*** TASK MATERIAL Section Begins ***

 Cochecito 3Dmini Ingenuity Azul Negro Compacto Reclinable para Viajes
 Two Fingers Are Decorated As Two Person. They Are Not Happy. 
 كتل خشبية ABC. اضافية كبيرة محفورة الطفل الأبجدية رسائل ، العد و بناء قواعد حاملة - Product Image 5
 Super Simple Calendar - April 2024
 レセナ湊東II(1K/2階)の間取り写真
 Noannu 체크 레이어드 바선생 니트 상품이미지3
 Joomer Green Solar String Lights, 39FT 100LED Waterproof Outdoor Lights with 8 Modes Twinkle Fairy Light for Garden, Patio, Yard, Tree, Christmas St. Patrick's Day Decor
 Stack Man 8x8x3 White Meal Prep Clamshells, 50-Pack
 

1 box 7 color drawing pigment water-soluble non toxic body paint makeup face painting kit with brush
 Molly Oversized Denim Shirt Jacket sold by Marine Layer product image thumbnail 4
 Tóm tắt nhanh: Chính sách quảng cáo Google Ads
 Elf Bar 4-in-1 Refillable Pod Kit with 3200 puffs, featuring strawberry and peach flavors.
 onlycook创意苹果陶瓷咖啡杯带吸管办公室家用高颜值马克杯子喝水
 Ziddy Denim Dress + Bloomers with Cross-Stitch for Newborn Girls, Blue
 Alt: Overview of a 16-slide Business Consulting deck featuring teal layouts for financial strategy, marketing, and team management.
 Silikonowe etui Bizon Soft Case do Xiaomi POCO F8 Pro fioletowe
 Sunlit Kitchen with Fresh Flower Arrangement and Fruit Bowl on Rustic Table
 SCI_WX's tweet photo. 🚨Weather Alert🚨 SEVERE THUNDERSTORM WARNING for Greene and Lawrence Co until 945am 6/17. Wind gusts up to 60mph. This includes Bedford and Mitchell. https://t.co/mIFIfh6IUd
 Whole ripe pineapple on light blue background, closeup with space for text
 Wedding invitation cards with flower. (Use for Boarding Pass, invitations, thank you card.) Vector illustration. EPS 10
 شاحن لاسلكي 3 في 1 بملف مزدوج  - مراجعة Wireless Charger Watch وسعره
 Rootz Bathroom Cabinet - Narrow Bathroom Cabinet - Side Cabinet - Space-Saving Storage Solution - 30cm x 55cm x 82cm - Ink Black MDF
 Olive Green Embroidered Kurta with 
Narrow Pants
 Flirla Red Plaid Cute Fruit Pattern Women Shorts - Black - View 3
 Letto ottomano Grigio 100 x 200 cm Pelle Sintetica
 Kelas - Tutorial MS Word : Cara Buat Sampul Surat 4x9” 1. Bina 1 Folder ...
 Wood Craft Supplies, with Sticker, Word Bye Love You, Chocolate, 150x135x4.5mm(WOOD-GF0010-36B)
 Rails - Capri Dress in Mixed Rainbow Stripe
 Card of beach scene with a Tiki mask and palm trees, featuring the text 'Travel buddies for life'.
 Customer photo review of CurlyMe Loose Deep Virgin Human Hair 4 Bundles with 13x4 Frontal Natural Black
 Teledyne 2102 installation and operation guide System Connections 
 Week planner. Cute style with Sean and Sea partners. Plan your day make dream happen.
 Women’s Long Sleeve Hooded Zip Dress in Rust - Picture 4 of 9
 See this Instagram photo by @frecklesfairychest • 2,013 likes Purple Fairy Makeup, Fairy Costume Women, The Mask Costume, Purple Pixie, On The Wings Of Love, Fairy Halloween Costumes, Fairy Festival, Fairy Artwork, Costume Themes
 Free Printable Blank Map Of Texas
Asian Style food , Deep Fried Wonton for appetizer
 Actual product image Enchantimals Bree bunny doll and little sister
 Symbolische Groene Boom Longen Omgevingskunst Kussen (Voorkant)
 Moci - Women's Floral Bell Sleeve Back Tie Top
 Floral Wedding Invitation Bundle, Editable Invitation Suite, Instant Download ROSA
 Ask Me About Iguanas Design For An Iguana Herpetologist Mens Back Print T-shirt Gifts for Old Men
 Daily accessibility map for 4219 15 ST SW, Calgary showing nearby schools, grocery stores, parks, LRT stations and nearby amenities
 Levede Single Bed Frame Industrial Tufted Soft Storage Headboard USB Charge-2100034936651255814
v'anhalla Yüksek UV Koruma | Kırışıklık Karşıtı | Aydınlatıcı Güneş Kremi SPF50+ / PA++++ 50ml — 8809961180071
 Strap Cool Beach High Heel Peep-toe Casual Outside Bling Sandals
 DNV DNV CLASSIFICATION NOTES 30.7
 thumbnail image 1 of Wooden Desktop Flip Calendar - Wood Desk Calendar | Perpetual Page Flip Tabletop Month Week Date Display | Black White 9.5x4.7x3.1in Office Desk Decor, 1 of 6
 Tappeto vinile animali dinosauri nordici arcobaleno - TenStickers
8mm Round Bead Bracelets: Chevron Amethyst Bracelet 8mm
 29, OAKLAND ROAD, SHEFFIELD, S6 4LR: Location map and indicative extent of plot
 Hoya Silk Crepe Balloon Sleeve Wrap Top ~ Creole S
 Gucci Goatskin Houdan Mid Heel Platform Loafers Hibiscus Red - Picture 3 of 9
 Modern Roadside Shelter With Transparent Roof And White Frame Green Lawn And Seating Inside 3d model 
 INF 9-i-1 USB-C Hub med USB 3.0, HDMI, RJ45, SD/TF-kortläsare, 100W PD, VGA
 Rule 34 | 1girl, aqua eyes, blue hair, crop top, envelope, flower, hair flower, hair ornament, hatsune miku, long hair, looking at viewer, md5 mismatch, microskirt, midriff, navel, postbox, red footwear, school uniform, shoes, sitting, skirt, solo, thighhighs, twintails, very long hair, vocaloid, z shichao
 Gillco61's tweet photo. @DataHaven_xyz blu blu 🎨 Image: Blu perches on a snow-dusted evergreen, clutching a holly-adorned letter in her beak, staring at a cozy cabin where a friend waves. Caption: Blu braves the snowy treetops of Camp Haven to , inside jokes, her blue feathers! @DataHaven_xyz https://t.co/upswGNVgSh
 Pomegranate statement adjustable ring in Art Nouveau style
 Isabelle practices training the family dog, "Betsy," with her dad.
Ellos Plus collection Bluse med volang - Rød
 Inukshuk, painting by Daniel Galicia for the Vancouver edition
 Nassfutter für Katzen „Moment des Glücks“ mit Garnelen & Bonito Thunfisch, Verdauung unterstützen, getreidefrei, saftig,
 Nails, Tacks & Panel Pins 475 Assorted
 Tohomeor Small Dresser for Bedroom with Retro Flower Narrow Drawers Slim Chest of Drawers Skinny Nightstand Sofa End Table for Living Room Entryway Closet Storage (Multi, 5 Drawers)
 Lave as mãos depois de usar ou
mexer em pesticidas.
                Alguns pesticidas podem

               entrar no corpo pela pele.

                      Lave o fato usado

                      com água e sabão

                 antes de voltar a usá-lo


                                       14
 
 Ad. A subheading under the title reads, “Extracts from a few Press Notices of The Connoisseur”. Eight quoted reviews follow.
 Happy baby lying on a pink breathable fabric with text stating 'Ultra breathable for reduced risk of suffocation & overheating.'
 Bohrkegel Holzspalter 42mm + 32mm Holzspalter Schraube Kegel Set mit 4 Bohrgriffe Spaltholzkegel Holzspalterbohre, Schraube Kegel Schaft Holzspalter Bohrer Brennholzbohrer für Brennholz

*** TASK MATERIAL Section Ends ***

* **WHAT YOU HAVE TO DO**
Look over the entries for "Fruit", then copy every line that includes that string.

* **COMPLETED EXERCISE**
 Sunlit Kitchen with Fresh Flower Arrangement and Fruit Bowl on Rustic Table
 Flirla Red Plaid Cute Fruit Pattern Women Shorts - Black - View 3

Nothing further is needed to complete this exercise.